Recently passed Ohio voting laws create new hurdles for minority voters casting absentee and provisional ballots, election rights advocates argued in an updated federal lawsuit filed Monday. The laws and similar orders by the state’s elections chief unconstitutionally permit absentee votes to be thrown out for ID errors, according to the lawsuit. Those mistakes could include putting down the wrong birth month on the absentee envelope even when a voter supplied the correct information when requesting the ballot, the lawsuit said. The laws also removed protection for voters casting provisional ballots by failing to provide the chance for voters to be notified of errors that could cause the ballot to be rejected, according to the lawsuit.
The changes in the laws adversely affect black and Hispanic voters since minority voters are more likely to cast absentee and provisional ballots, the lawsuit said.
As a result, the changes in the laws — approved by Republican lawmakers and signed by GOP Gov.
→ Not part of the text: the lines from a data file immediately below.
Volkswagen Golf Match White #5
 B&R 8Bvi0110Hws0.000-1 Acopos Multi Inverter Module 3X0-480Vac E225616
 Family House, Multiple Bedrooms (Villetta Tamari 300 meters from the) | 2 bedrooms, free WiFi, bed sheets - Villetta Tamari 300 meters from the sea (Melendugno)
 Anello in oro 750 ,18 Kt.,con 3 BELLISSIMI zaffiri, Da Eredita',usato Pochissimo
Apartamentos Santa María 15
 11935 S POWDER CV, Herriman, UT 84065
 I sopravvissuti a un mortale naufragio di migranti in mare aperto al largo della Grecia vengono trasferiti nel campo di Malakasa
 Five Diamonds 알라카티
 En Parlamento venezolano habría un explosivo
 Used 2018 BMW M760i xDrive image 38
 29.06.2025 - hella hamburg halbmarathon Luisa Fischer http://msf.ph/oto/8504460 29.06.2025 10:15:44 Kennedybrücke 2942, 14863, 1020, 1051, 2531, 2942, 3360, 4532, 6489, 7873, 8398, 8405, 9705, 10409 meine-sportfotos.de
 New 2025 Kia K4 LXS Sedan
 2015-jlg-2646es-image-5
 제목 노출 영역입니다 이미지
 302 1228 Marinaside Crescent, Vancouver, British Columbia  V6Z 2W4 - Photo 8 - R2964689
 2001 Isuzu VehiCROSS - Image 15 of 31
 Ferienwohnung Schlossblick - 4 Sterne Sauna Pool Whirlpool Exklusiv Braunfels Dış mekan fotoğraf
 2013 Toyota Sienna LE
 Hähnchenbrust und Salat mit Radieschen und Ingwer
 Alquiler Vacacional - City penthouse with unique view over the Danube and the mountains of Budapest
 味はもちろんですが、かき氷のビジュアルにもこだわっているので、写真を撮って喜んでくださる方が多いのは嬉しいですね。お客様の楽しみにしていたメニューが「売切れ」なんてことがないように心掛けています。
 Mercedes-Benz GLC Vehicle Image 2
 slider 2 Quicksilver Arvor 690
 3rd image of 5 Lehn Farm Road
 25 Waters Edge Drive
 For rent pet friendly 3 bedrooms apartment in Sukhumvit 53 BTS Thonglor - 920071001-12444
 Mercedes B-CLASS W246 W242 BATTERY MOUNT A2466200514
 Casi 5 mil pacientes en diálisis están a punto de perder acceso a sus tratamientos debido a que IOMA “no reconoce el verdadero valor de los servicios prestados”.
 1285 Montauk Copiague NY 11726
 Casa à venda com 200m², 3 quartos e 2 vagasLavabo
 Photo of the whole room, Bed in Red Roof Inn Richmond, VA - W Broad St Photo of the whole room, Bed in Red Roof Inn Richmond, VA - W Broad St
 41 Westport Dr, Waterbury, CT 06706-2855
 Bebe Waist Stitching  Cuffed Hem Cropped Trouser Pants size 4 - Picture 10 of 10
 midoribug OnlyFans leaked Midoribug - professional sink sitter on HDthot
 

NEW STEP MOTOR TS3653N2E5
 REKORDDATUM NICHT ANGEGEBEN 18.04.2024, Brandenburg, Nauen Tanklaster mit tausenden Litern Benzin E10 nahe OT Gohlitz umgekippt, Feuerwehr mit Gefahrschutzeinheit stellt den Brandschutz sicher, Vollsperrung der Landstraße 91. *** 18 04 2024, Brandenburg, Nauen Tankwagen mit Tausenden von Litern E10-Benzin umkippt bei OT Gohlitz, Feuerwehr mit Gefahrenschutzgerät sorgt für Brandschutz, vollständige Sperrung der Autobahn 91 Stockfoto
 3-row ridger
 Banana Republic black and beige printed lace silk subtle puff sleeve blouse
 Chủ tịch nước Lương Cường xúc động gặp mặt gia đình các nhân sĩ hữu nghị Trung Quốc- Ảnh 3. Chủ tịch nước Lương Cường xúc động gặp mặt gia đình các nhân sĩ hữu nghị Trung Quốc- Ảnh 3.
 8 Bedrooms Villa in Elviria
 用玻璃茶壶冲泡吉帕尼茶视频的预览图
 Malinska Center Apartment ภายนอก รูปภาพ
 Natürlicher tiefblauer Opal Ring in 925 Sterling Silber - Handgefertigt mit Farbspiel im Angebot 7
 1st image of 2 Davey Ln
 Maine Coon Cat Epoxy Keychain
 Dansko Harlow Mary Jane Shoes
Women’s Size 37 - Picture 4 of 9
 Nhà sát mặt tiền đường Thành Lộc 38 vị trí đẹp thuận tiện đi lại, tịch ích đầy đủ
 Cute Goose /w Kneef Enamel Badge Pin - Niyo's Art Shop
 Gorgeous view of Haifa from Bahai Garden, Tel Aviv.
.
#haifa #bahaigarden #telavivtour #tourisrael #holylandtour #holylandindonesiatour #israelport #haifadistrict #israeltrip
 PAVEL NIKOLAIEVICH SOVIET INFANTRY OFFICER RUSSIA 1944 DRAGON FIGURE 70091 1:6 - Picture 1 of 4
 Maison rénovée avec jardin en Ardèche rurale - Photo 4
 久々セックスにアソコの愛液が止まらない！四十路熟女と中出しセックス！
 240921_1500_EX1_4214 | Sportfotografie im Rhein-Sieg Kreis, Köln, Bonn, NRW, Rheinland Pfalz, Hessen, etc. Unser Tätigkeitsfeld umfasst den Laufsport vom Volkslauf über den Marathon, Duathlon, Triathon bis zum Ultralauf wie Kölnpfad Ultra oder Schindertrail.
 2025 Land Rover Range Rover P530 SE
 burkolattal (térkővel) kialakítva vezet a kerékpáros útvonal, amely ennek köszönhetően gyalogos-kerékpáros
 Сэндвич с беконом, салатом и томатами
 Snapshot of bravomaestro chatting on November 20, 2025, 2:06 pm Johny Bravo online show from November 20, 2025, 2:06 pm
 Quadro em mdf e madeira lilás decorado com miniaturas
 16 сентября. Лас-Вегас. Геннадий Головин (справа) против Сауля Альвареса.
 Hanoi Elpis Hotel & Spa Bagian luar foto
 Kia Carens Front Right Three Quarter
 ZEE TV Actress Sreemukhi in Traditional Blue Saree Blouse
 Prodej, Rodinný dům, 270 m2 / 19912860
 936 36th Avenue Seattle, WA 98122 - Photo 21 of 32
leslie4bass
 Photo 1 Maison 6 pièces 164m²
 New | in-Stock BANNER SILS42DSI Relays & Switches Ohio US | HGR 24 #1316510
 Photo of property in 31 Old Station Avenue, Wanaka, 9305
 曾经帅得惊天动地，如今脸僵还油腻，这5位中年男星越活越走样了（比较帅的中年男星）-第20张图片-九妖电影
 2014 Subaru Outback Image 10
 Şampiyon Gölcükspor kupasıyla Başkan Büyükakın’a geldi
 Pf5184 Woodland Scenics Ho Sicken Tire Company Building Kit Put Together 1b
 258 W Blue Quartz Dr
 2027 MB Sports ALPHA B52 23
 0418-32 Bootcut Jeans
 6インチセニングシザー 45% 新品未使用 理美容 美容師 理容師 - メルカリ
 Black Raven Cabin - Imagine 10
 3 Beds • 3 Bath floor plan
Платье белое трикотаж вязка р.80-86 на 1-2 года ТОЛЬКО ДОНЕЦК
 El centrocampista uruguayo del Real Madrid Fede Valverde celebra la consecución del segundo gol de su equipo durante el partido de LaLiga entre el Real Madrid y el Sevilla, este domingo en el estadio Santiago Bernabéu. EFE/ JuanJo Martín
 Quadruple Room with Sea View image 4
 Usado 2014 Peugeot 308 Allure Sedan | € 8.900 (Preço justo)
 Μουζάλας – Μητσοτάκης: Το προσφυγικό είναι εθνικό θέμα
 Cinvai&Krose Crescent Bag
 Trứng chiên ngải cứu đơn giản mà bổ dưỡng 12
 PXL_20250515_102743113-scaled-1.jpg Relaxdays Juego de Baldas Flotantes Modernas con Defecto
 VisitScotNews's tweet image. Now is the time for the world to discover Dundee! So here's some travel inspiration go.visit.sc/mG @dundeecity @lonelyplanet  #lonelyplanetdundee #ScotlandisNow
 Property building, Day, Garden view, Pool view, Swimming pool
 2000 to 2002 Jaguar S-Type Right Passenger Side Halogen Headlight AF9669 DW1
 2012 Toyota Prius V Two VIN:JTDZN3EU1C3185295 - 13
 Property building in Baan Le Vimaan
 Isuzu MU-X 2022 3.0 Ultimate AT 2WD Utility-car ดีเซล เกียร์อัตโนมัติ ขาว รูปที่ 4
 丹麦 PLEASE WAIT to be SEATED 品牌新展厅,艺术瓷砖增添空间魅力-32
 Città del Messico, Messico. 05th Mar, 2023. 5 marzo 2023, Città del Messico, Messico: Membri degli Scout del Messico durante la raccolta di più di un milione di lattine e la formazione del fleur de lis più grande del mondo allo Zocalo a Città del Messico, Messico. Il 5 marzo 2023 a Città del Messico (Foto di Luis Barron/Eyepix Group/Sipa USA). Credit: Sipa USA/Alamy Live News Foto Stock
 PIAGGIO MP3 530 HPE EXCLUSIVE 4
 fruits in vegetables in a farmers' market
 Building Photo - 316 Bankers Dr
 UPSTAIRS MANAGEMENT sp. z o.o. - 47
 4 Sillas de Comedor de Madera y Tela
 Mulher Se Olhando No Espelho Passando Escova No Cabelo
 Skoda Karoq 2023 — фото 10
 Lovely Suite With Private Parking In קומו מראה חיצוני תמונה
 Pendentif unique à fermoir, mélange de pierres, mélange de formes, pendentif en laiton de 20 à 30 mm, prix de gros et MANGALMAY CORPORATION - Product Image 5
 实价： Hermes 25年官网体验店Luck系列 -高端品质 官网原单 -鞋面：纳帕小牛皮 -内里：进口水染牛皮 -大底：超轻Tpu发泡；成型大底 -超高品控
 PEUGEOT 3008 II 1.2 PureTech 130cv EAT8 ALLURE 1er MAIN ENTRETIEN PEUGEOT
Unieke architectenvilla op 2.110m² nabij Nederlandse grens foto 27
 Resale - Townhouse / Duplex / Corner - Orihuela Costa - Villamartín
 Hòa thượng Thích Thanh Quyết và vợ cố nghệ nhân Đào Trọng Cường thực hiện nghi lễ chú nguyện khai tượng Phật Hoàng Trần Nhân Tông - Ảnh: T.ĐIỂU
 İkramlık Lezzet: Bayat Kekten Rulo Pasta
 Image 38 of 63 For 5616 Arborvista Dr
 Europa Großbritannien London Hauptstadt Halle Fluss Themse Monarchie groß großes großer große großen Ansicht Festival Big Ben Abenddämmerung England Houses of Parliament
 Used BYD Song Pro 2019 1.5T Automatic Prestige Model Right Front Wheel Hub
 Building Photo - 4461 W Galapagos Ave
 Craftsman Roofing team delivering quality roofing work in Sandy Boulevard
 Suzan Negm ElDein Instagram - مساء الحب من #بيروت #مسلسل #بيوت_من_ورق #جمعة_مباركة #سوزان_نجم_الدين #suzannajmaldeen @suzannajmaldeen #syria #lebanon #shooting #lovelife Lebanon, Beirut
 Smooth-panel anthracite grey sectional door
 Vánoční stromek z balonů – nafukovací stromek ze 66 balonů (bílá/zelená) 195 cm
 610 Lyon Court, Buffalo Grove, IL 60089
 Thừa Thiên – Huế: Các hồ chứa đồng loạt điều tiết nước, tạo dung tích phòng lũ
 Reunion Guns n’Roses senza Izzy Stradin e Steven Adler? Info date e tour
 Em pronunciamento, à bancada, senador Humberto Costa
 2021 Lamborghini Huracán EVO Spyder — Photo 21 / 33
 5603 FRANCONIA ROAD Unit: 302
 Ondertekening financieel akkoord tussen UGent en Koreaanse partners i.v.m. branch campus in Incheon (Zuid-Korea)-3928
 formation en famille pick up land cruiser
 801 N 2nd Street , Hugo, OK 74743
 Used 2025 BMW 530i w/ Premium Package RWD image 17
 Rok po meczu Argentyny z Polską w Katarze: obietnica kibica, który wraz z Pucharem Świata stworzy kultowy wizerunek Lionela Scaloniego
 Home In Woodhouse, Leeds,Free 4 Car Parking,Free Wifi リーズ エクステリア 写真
John Kasich — targeted Democratic voters, according to the lawsuit.
The new procedure “will unlawfully disenfranchise thousands of Ohio voters who cast absentee or provisional ballots in upcoming elections — and who primarily are minority voters and/or voters who support the Democratic Party,” according to the lawsuit filed by the Northeast Ohio Coalition for the Homeless, the Columbus Coalition for the Homeless and the Ohio Democratic Party.